ADAS can provide steering, braking and acceleration support under limited circumstances, generally on highways.
Automakers have refrained from relying on their technology to let cars navigate urban inner-city traffic. Tesla broke this tradition earlier this month when it released its FSD software, which allows its computer-powered cars to test their reflexes in inner-city traffic, with a warning that its cars "May Do the Wrong Thing at the Worst Time."
Mercedes does not allow members of the public to test still-experimental systems. Its engineers need to pass an eligibility exam to become test drivers, and another one for testing automated driving systems, the automaker said.
Rather than force their customers to put their trust in processors, software and the ability of machines to learn over time, the Germans want their cars to be validated by engineers so that they remain predictable for owners.
"We do not want blind trust. We want informed trust in the car. The customer needs to know exactly what the car can and cannot do," a Mercedes spokesman told Reuters on the sidelines of the automaker's test track in Immendingen, Germany.
"The worst thing would be if the car gets into a complex situation and there was ambiguity over whether the car is in control or not," he said.

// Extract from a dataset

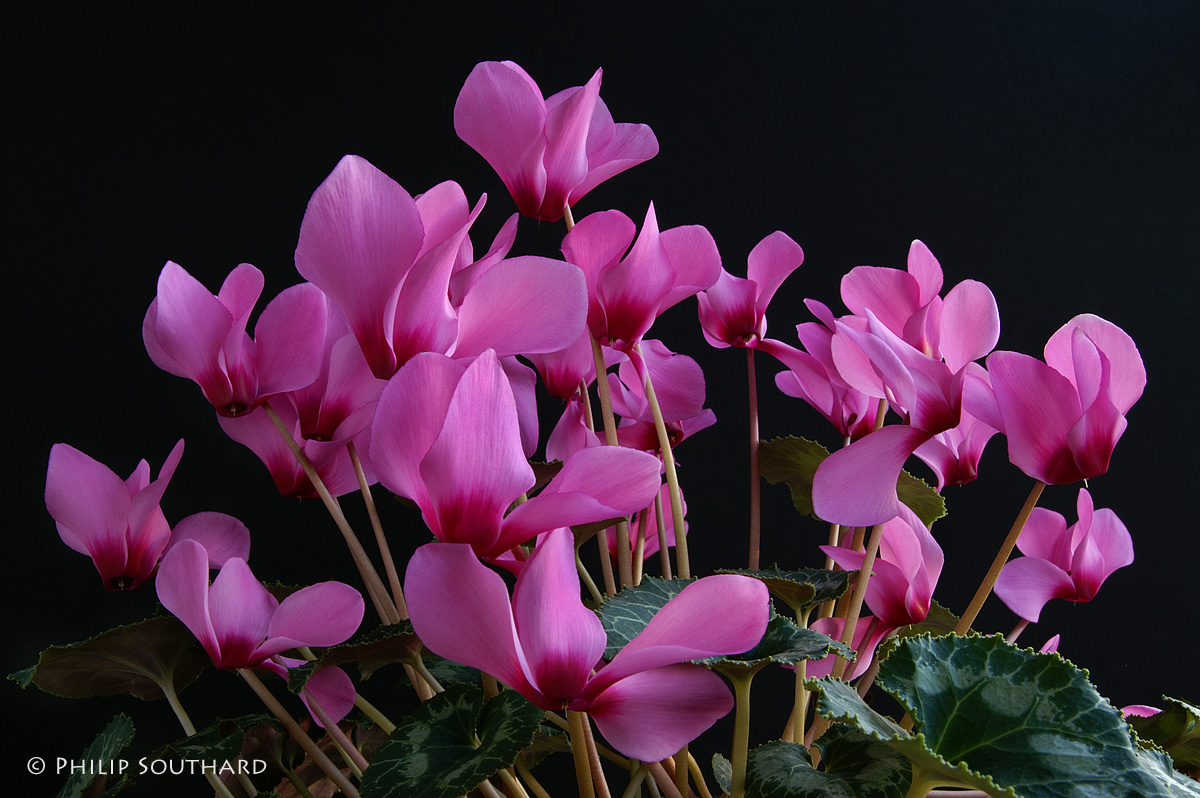 Cyclamen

This is why the Stuttgart-based automaker, owned by Daimler, is emphasizing its decades-old experience with ADAS as it seeks to gain global regulatory approval for its own Drive Pilot system that offers Level 3 autonomy.
Level 3 means the driver can legally take his eyes off the wheel and the company, Daimler in this case, would have to assume insurance liability, depending on the jurisdiction. The new Tesla system requires customers to take responsibility for any crash.